_What the task asks_
Your answer must be a word-for-word copy of the listing below, minus its pictures.

_Dataset content_
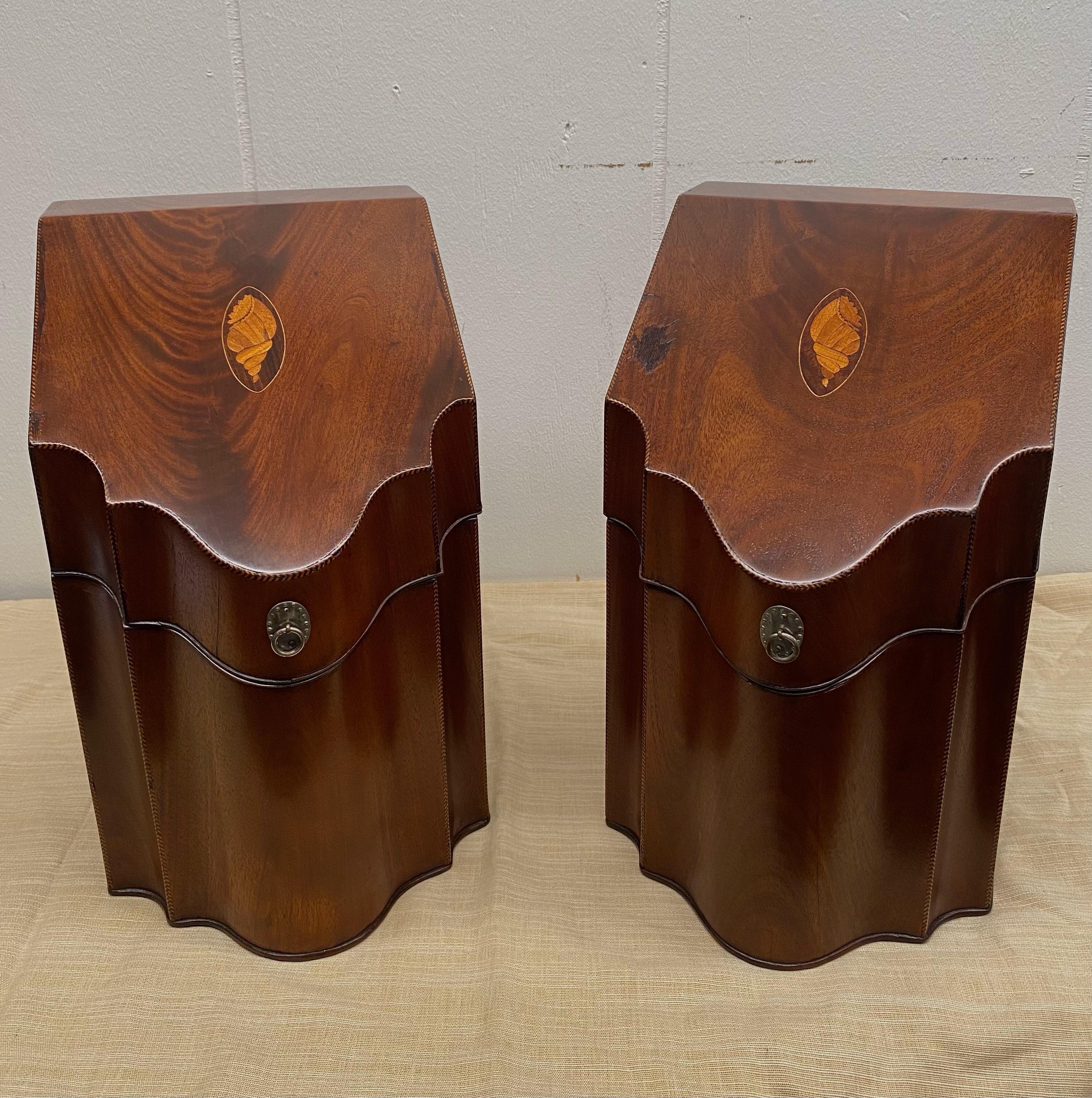 Pair American Mahogany Serpentine Inlaid Knife Boxes with Cutlery Interiors For Sale 8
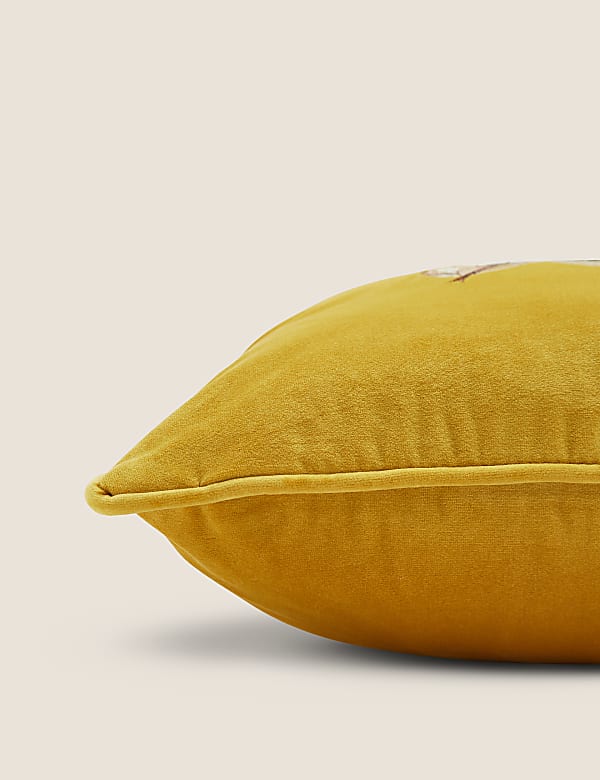 Velvet Bumblebee Print Cushion - AL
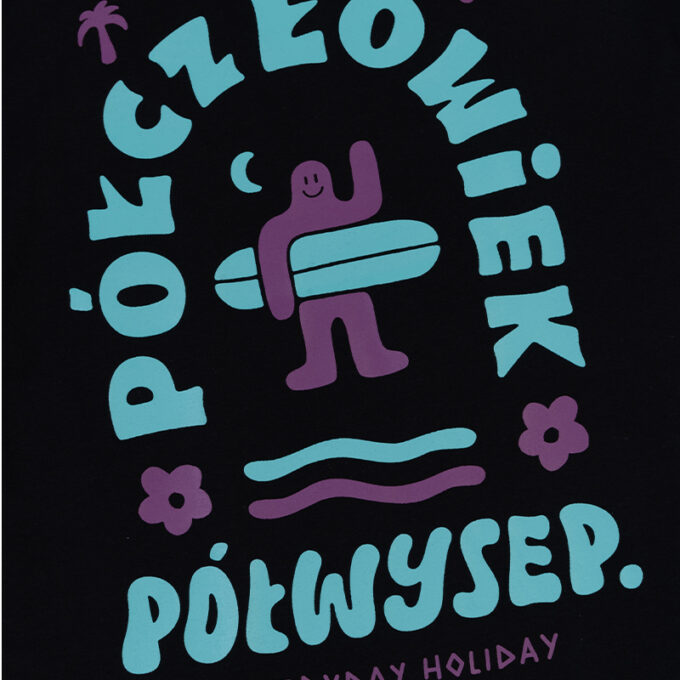T-SHIRT PÓŁCZŁOWIEK PÓŁWYSEP BLACK
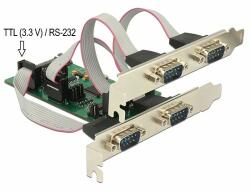 Delock PCI Express Kártya > 3 x soros RS-232 + 1 x TTL 3, 3 V / RS-232 tápellátással (62922)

_Answer_
 Pair American Mahogany Serpentine Inlaid Knife Boxes with Cutlery Interiors For Sale 8
 Velvet Bumblebee Print Cushion - AL
T-SHIRT PÓŁCZŁOWIEK PÓŁWYSEP BLACK
 Delock PCI Express Kártya > 3 x soros RS-232 + 1 x TTL 3, 3 V / RS-232 tápellátással (62922)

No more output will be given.